── Data for the task ──
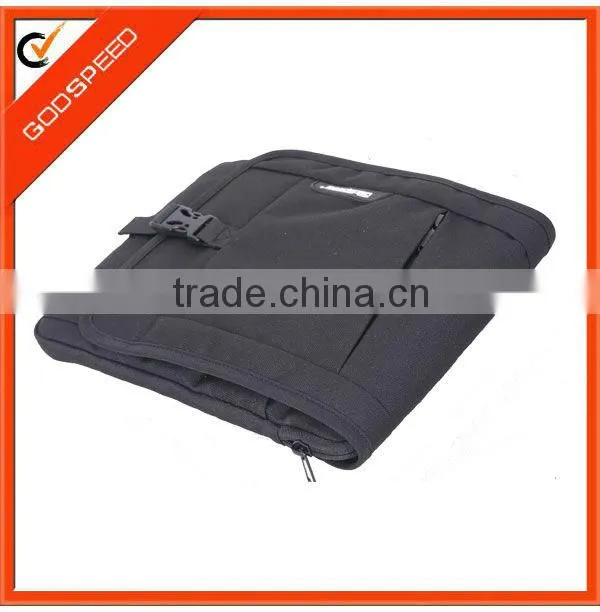 Waterproof high quality 9.8" android tablet case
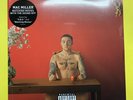 MAC MILLER Watching Movies With The Sound Off VINYL SEALED  Frank Ocean Kid Cudi
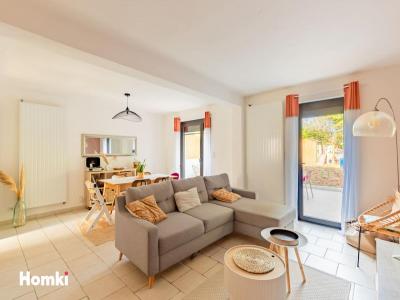 Annonce Vente 4 pi�ces Maison Saint-jean 31
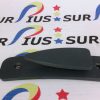 GBC Part 7708685 UNBIND LEVER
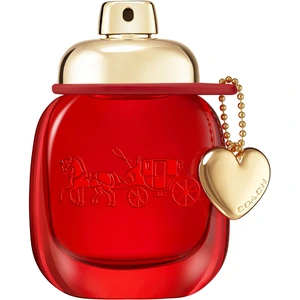 Coach Love EDP B 90 ml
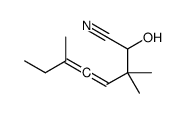 113426-84-9 structure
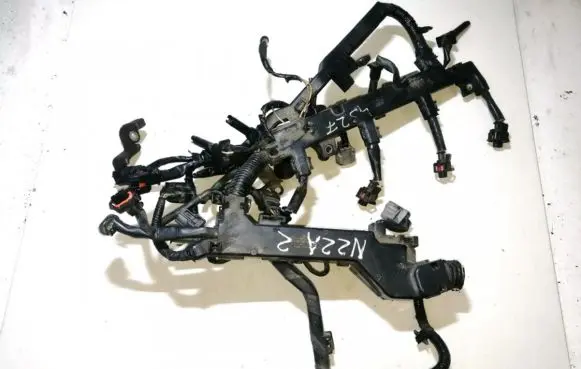 Honda CR-V Other wiring loom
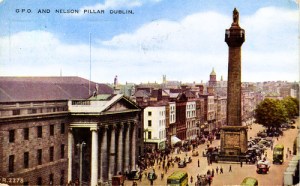 1038103758_031a216610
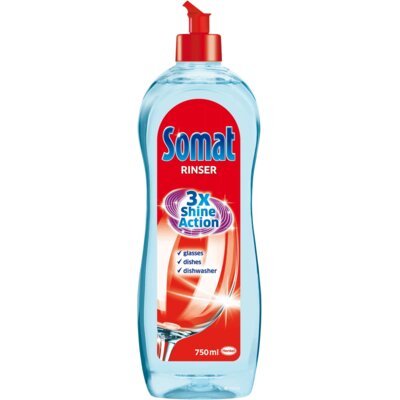 Somat Nabłyszczacz (750ml)
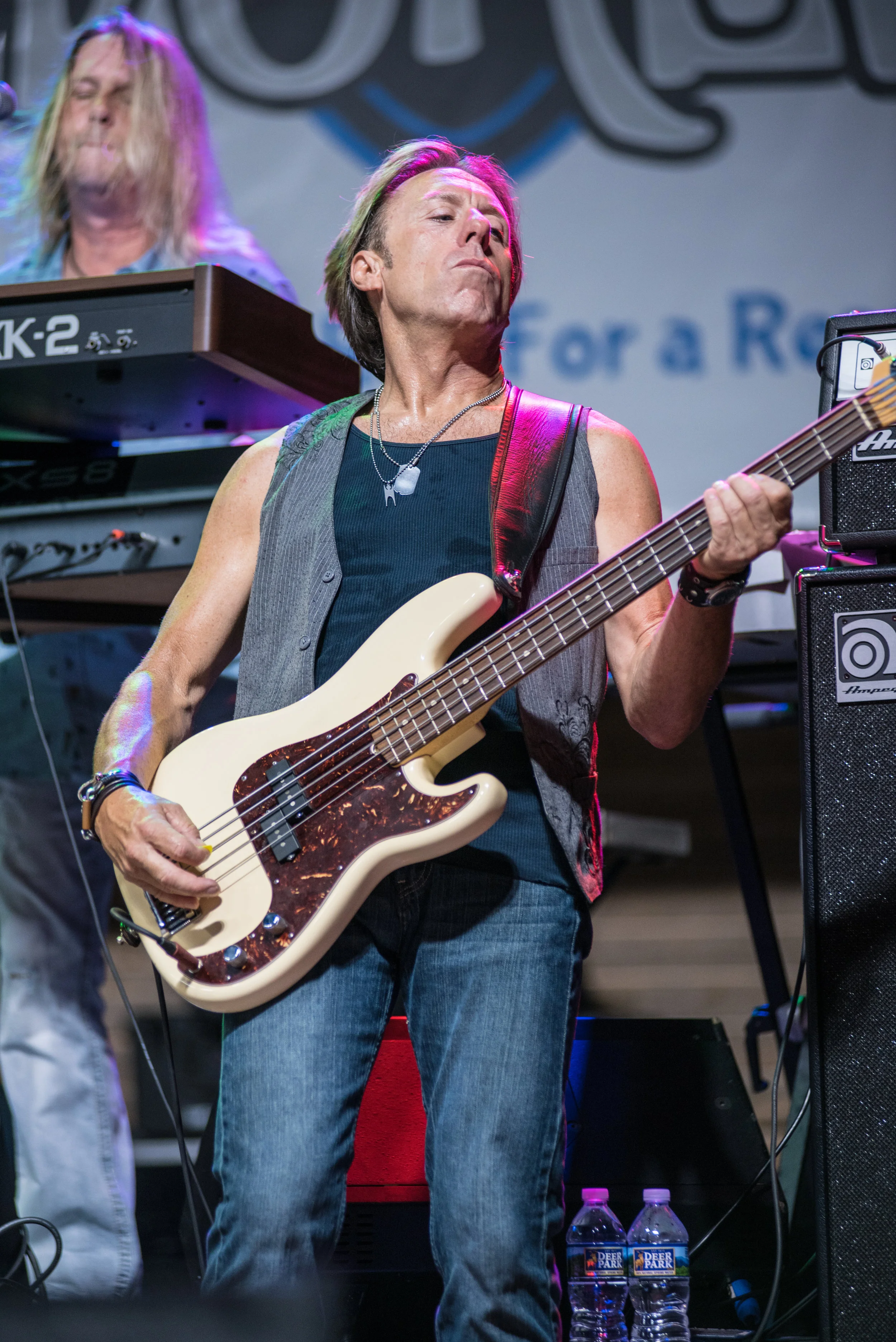 rock_your_world_concert_20170812_4528.jpg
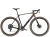 RoweryTrek//RowerGravelTrek/RowerCheckpointSL7AXS/TrekBronzeAgeCarbonSmokeMatte.webp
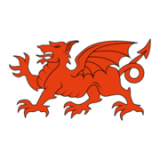 North Wales Independent Advice logo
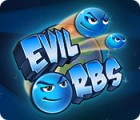 Evil Orbs juego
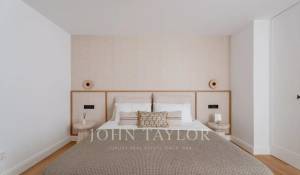 Prodej Penthouse Madrid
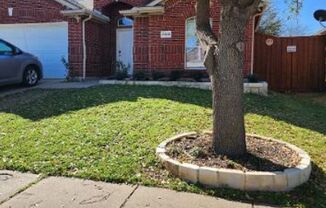 Charming 3-Bedroom Home in Peaceful Dallas Neighborhood Welcome to 2848 Trailhouse Dr., a well-maintained 3-bedroom, 2-bath single-family home located in a quiet, desirable neighborhood in Dallas (ZIP 75237). This property offers comfort, convenience, and
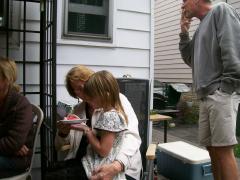 Saturday September 15, 2007 14:22 - BACK YARD ( POOLS GONE) 053.jpg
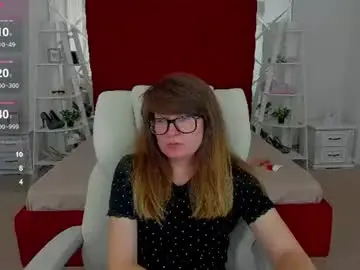 Alexaamour1  live sex cam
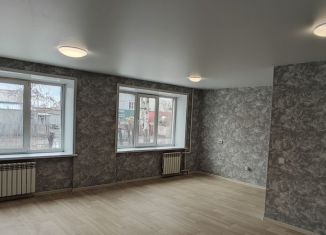 Продается квартира студия, 34 м2, Новокузнецк, Отдельная улица, 5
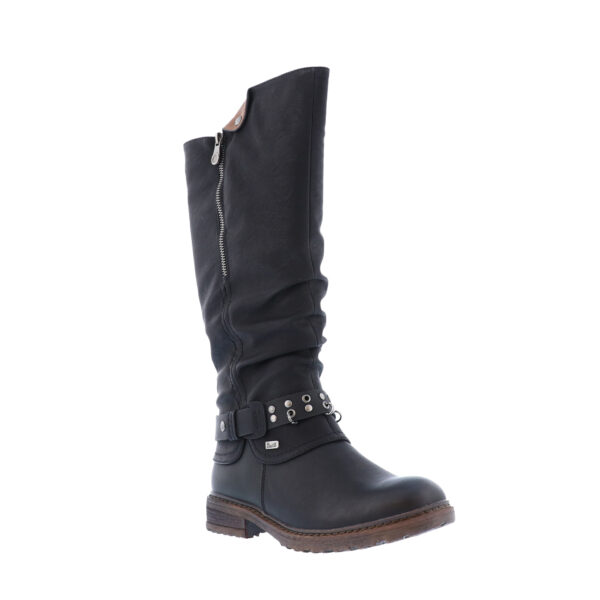 AW25_RIEKER_94789_SCHWA00_02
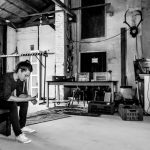 ladies_of_the_lowlands_mudbood_sessions_marcel_krijgsman00005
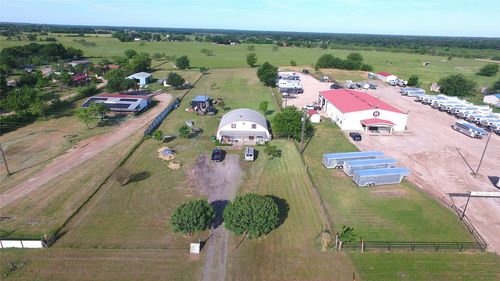 5286 E Highway 175, Kaufman, TX, 75142 | Card Image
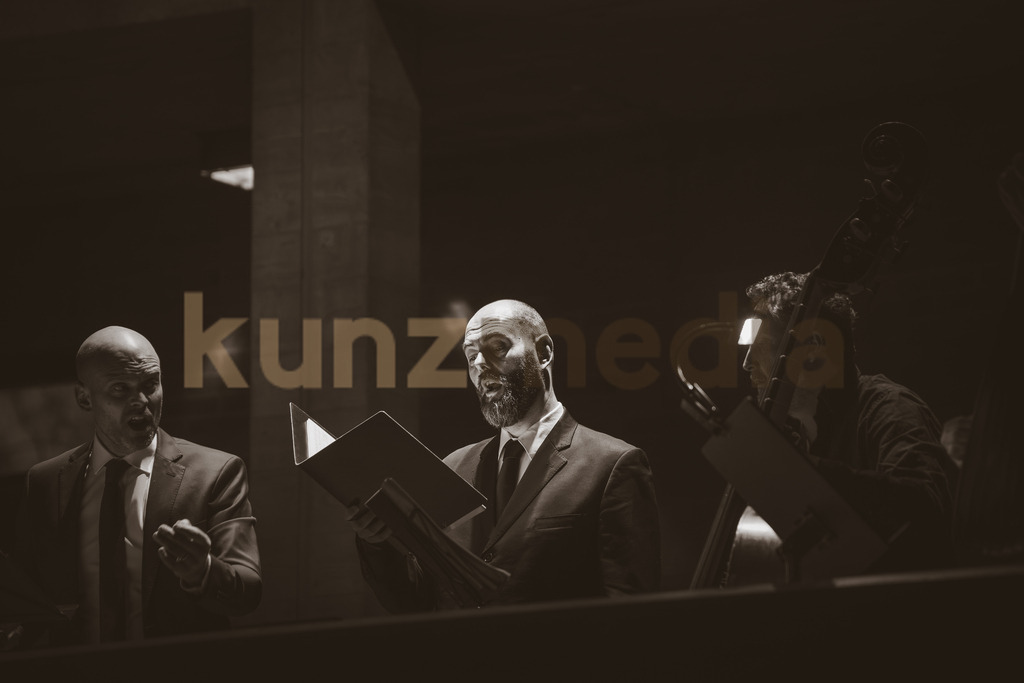 011_Mischeli-Konzerte_Fontana_d_Israel_kunzmedia.ch | OnlineShop für Bilder kunzmedia.ch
───
## Aim of the task
Copy out exactly the material that runs from the line with "North Wales Independent Advice logo" to the line with "5286 E Highway", ends included, and leave the pictures behind.

## Result below
 North Wales Independent Advice logo
 Evil Orbs juego
 Prodej Penthouse Madrid
 Charming 3-Bedroom Home in Peaceful Dallas Neighborhood Welcome to 2848 Trailhouse Dr., a well-maintained 3-bedroom, 2-bath single-family home located in a quiet, desirable neighborhood in Dallas (ZIP 75237). This property offers comfort, convenience, and
 Saturday September 15, 2007 14:22 - BACK YARD ( POOLS GONE) 053.jpg
 Alexaamour1  live sex cam
 Продается квартира студия, 34 м2, Новокузнецк, Отдельная улица, 5
 AW25_RIEKER_94789_SCHWA00_02
 ladies_of_the_lowlands_mudbood_sessions_marcel_krijgsman00005
 5286 E Highway 175, Kaufman, TX, 75142 | Card Image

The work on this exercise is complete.